Abstract

The process of electroreduction of nitrate anions is of considerable interest for researchers both as a fundamental (investigation of a multistage reaction, properties of intermediate products) and practical (water treatment) problem. A key intermediate product of nitrate anion electroreduction is nitric oxide NO that occupies two different types of sites on the Pt(111) surface: atop and 3-fold hollow. This paper studies redox transitions of N-containing species in the adsorption layer on Pt(111) in a wide range of potentials in a nitrate solution and in a preadsorbed saturated NO layer after its partial reduction in a negatively going potential sweep.

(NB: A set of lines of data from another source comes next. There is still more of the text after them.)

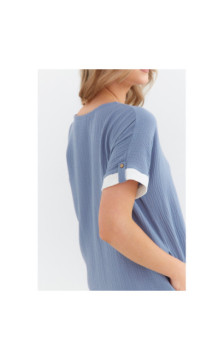 Cana naktiniai trumpomis rankovėmis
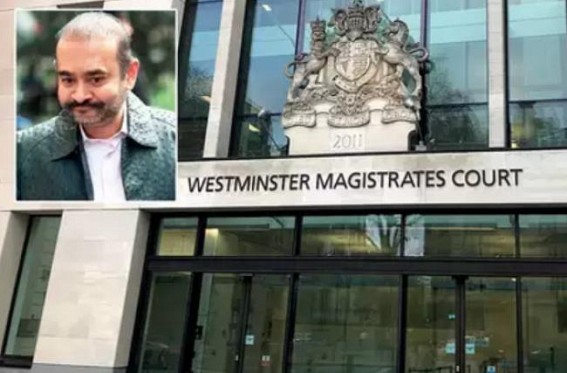 Nirav Modi's arrest a 'got-up match': Mamata Nirav Modi's arrest a 'got-up match': Mamata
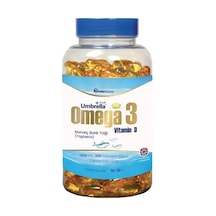 Umbrella Omega 3 Balık Yağı 200 Kapsül Umbrella Omega 3 Balık Yağı 200 Kapsül
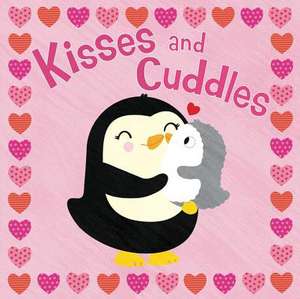 Kisses and Cuddles de Little Bee Books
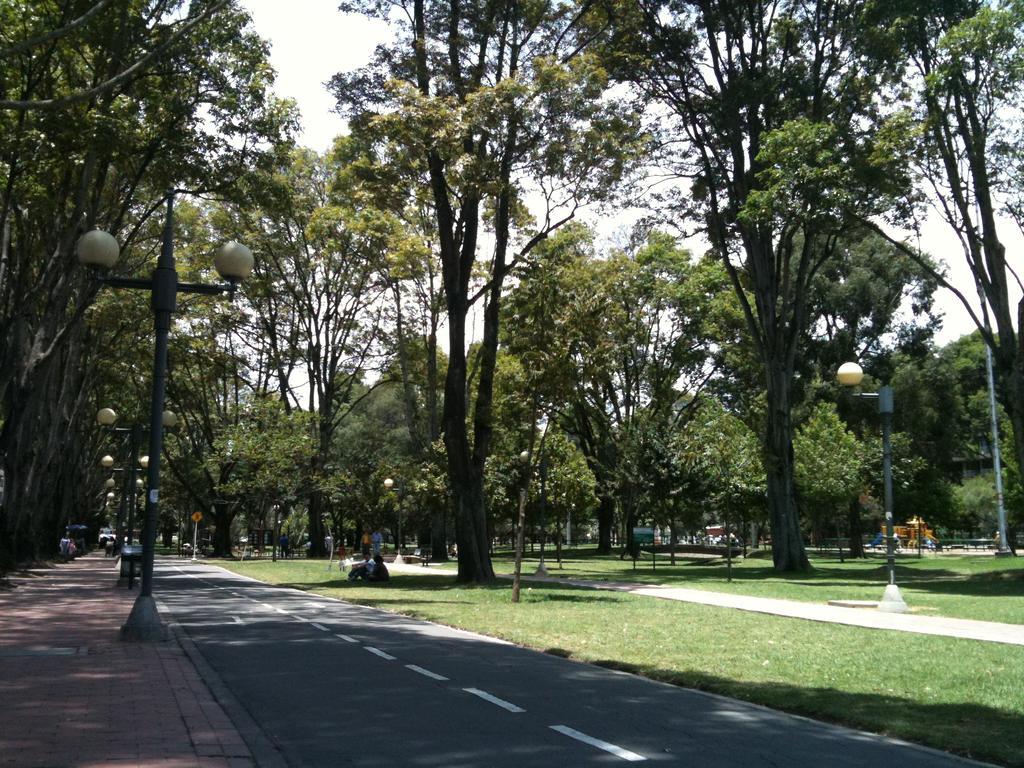 Bogota Rooms Heroes Exterior foto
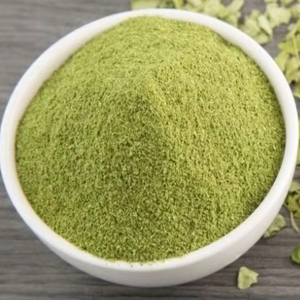 MEJOR PRECIO Polvo de Moringa 100% Natural y Puro Liofilizado para Alimentos Funcionales y Barras Nutricionales, Paquete de Exportación de 10 kg - Product Image 1
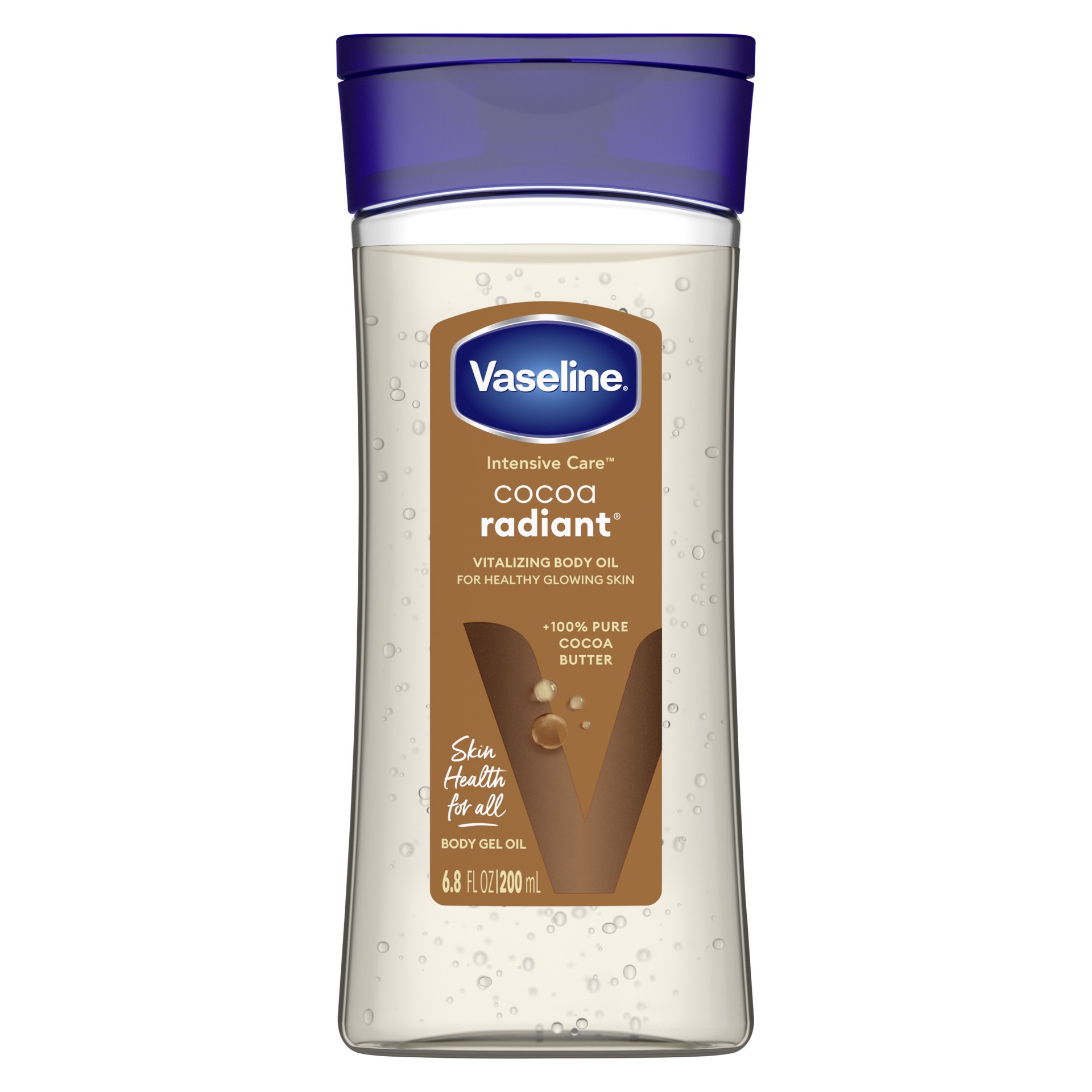 slide 1 of 40, Vaseline Intensive Care™ Cocoa Radiant for Glowing Skin, 6.8 oz, 6.8 oz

Such partial reduction results in the appearance of a stable reversible pair of peaks in voltammograms at 0.6 V RHE. Analysis of charge densities of partial NO reduction and of this redox process shows that this pair of peaks corresponds to a one–electron redox transition between NH3(ads) and NH2(ads). We suggest a scheme based on the obtained results and literature data that explains the voltammetric signals observed in a wide range of potentials on an adsorption layer on Pt(111) formed by partial reduction of full NO adlayer. In this scheme, NH3(ads) molecules are formed in reduction of atop-bound NO and do not desorb from the surface owing to formation of coadsorption complexes with unreduced hollow-bound NO molecules. Such complexes are quite stable up to the potentials of hollow-bound NO reduction. In the potential range around 0.6 V, NH3(ads) molecules in such complexes are reversibly oxidized to NH2(ads) species that do not desorb either and remain within the coadsorption lattice. Moreover, the obtained NO/NH2(ads) is so stable that it suppresses oxidation of unreduced hollow-bound NO molecules in this complex to nitrite species.